◆ Exercise details:
Output every line from the beginning of the records through the line that contains "Women's Crepe Printed Straight Kurti-thumb0", exactly as it appears.

(Records excerpted from a collection)
......

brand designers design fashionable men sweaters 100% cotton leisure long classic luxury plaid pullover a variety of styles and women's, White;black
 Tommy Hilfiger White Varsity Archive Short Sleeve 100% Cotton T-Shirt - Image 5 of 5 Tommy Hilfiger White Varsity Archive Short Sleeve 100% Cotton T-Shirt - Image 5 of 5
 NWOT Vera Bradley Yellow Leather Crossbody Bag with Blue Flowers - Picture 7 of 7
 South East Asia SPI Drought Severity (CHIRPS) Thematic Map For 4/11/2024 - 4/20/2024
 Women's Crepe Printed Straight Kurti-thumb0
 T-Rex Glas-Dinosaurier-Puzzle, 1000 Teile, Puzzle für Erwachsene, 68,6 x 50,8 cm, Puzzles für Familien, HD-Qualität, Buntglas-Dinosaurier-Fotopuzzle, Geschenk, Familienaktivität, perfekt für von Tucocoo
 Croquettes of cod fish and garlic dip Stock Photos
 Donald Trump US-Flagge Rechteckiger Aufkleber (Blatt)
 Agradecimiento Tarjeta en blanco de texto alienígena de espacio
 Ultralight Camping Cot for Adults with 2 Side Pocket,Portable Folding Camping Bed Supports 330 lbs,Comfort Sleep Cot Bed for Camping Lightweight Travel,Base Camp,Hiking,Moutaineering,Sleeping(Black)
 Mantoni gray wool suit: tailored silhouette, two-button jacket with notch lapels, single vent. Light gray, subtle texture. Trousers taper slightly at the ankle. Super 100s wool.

......

◆ Response area:
brand designers design fashionable men sweaters 100% cotton leisure long classic luxury plaid pullover a variety of styles and women's, White;black
 Tommy Hilfiger White Varsity Archive Short Sleeve 100% Cotton T-Shirt - Image 5 of 5 Tommy Hilfiger White Varsity Archive Short Sleeve 100% Cotton T-Shirt - Image 5 of 5
 NWOT Vera Bradley Yellow Leather Crossbody Bag with Blue Flowers - Picture 7 of 7
 South East Asia SPI Drought Severity (CHIRPS) Thematic Map For 4/11/2024 - 4/20/2024
 Women's Crepe Printed Straight Kurti-thumb0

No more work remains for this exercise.